### To do
Make an exact copy of the entries below, with all images left out.

### Material provided
----------------------------------------

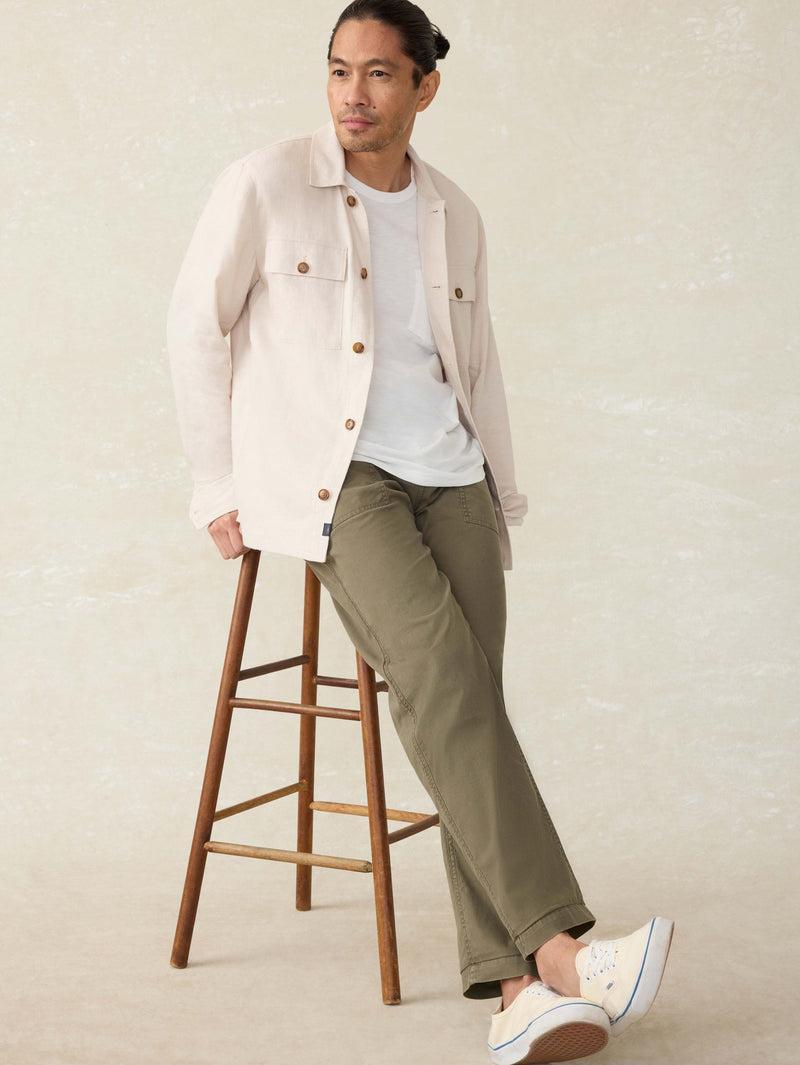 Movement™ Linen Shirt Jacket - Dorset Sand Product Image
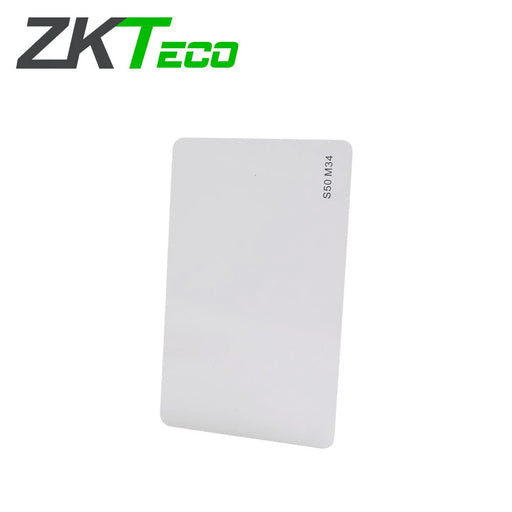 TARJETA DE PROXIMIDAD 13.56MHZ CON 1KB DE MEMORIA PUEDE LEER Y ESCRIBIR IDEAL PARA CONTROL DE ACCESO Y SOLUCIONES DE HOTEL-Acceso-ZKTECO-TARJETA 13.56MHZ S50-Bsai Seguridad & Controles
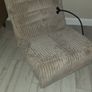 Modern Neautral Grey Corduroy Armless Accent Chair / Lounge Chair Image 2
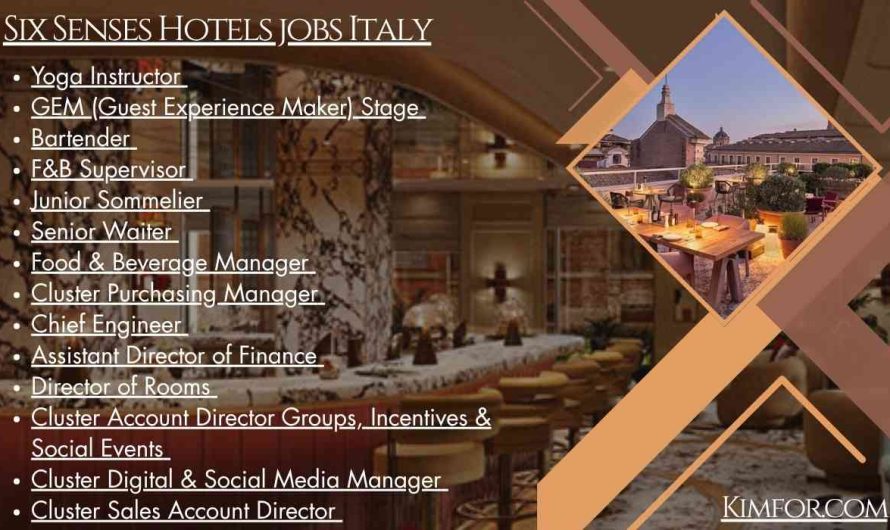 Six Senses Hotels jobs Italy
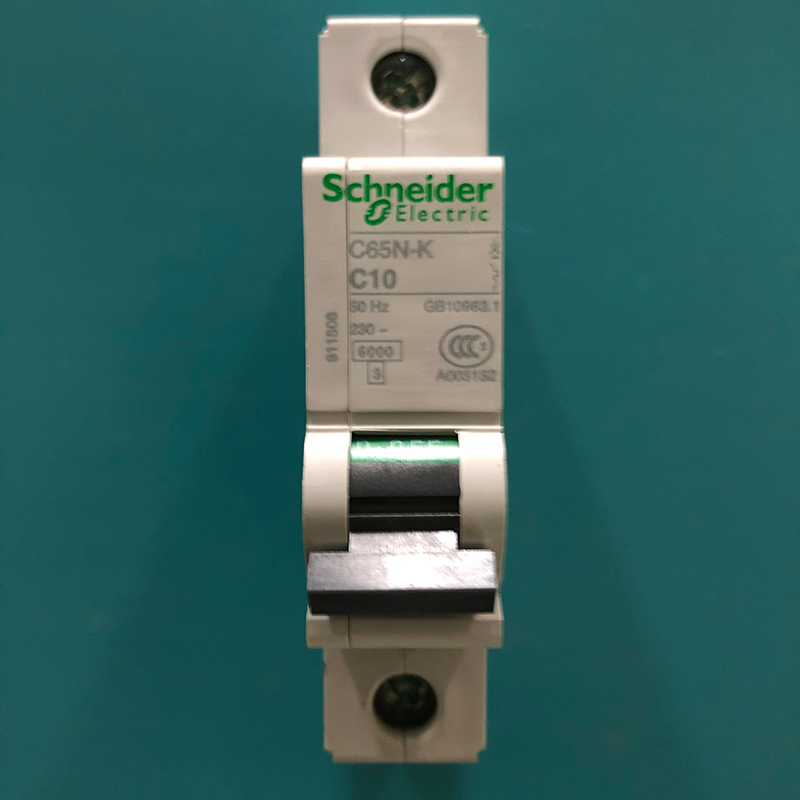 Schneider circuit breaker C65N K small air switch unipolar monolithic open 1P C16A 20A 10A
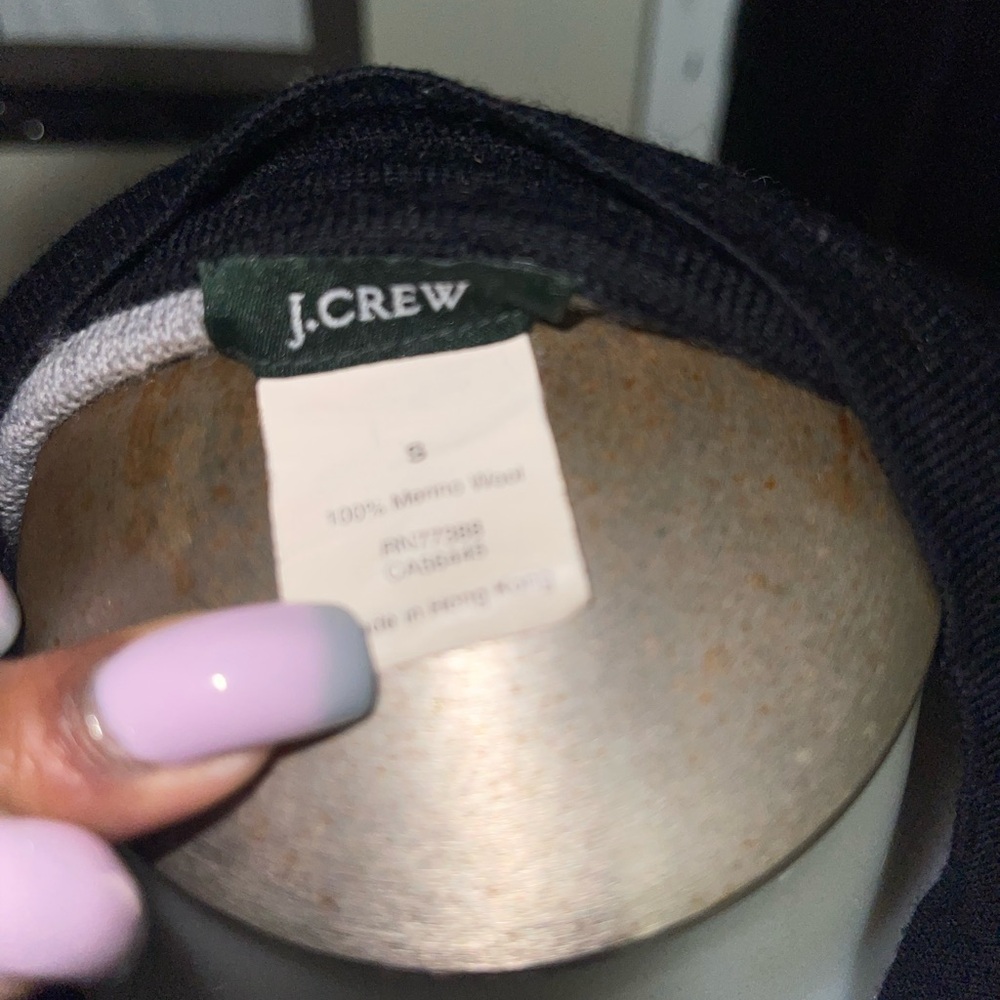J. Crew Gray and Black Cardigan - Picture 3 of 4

----------------------------------------

### Solution below
 Movement™ Linen Shirt Jacket - Dorset Sand Product Image
 TARJETA DE PROXIMIDAD 13.56MHZ CON 1KB DE MEMORIA PUEDE LEER Y ESCRIBIR IDEAL PARA CONTROL DE ACCESO Y SOLUCIONES DE HOTEL-Acceso-ZKTECO-TARJETA 13.56MHZ S50-Bsai Seguridad & Controles
 Modern Neautral Grey Corduroy Armless Accent Chair / Lounge Chair Image 2
 Six Senses Hotels jobs Italy
 Schneider circuit breaker C65N K small air switch unipolar monolithic open 1P C16A 20A 10A
J. Crew Gray and Black Cardigan - Picture 3 of 4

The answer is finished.